### Assignment
Pull every line holding the word "process" out of the data and copy it.

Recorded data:
........
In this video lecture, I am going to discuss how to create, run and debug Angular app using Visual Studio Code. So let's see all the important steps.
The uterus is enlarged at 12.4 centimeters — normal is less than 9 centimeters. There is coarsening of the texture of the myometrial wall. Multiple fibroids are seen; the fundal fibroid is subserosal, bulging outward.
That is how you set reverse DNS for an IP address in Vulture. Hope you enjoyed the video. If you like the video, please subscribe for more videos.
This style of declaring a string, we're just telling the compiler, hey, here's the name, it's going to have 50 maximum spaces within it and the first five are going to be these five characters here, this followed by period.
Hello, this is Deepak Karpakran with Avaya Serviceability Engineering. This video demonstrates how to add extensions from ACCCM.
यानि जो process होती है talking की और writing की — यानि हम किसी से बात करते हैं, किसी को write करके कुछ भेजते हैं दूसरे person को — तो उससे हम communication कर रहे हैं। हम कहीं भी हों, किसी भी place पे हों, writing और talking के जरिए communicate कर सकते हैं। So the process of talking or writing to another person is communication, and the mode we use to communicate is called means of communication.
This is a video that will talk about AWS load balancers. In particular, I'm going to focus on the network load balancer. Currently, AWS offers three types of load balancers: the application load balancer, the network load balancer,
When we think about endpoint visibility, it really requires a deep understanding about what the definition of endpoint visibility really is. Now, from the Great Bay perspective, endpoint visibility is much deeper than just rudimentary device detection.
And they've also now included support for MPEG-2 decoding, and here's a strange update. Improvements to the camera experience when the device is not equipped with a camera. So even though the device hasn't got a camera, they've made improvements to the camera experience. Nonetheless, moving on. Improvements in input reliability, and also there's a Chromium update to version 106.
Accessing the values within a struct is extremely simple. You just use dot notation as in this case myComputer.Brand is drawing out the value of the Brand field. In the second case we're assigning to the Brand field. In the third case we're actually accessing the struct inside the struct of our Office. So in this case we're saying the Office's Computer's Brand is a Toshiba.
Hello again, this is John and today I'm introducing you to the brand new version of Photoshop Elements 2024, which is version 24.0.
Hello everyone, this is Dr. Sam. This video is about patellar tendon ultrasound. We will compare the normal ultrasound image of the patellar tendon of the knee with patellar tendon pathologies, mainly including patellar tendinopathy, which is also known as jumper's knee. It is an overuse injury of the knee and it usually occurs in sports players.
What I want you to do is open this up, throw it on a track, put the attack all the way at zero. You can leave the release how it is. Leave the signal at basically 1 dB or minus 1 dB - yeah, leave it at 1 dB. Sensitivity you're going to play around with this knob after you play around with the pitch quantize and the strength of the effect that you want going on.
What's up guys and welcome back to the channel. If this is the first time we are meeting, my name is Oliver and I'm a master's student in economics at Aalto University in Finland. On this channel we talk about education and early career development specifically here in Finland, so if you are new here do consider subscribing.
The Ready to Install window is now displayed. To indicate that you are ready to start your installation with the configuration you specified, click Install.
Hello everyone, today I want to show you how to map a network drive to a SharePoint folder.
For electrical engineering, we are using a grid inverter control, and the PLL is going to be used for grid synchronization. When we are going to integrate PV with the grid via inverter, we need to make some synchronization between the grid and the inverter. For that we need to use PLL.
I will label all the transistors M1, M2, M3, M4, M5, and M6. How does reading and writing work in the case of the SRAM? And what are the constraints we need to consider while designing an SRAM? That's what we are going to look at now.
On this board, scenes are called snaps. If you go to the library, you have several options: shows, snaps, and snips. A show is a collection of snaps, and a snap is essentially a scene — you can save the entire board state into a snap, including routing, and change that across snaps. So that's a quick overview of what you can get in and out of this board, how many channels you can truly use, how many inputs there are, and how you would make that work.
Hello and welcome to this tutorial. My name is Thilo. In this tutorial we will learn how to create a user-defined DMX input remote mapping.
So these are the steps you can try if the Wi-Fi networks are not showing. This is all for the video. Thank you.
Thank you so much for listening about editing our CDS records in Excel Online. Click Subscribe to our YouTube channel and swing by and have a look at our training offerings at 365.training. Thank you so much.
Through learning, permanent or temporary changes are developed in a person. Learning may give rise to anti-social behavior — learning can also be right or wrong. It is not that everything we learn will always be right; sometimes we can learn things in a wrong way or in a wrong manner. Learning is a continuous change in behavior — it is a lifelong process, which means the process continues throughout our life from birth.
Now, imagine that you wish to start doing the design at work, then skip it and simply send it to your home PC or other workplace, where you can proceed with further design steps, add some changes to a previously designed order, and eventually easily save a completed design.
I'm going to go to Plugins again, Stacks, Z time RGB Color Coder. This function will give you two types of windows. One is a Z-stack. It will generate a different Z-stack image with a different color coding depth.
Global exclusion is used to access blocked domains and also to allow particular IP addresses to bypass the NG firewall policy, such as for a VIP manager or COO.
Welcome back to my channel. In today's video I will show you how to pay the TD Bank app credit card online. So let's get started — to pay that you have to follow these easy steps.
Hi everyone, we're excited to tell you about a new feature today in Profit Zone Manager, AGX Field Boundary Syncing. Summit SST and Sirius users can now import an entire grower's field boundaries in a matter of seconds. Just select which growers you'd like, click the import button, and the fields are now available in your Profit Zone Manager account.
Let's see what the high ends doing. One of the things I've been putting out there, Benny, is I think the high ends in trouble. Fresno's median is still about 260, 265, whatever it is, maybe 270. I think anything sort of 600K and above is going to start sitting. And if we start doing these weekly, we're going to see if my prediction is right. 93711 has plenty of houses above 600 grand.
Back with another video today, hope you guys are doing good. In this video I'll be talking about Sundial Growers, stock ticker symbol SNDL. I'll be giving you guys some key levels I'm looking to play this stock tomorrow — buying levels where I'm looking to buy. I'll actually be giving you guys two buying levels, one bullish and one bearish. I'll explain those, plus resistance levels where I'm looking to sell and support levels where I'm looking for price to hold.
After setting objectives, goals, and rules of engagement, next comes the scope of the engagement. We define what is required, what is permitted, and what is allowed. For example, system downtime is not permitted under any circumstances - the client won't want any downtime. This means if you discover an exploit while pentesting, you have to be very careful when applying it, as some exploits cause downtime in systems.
........
### Answer to this exercise
यानि जो process होती है talking की और writing की — यानि हम किसी से बात करते हैं, किसी को write करके कुछ भेजते हैं दूसरे person को — तो उससे हम communication कर रहे हैं। हम कहीं भी हों, किसी भी place पे हों, writing और talking के जरिए communicate कर सकते हैं। So the process of talking or writing to another person is communication, and the mode we use to communicate is called means of communication.
Through learning, permanent or temporary changes are developed in a person. Learning may give rise to anti-social behavior — learning can also be right or wrong. It is not that everything we learn will always be right; sometimes we can learn things in a wrong way or in a wrong manner. Learning is a continuous change in behavior — it is a lifelong process, which means the process continues throughout our life from birth.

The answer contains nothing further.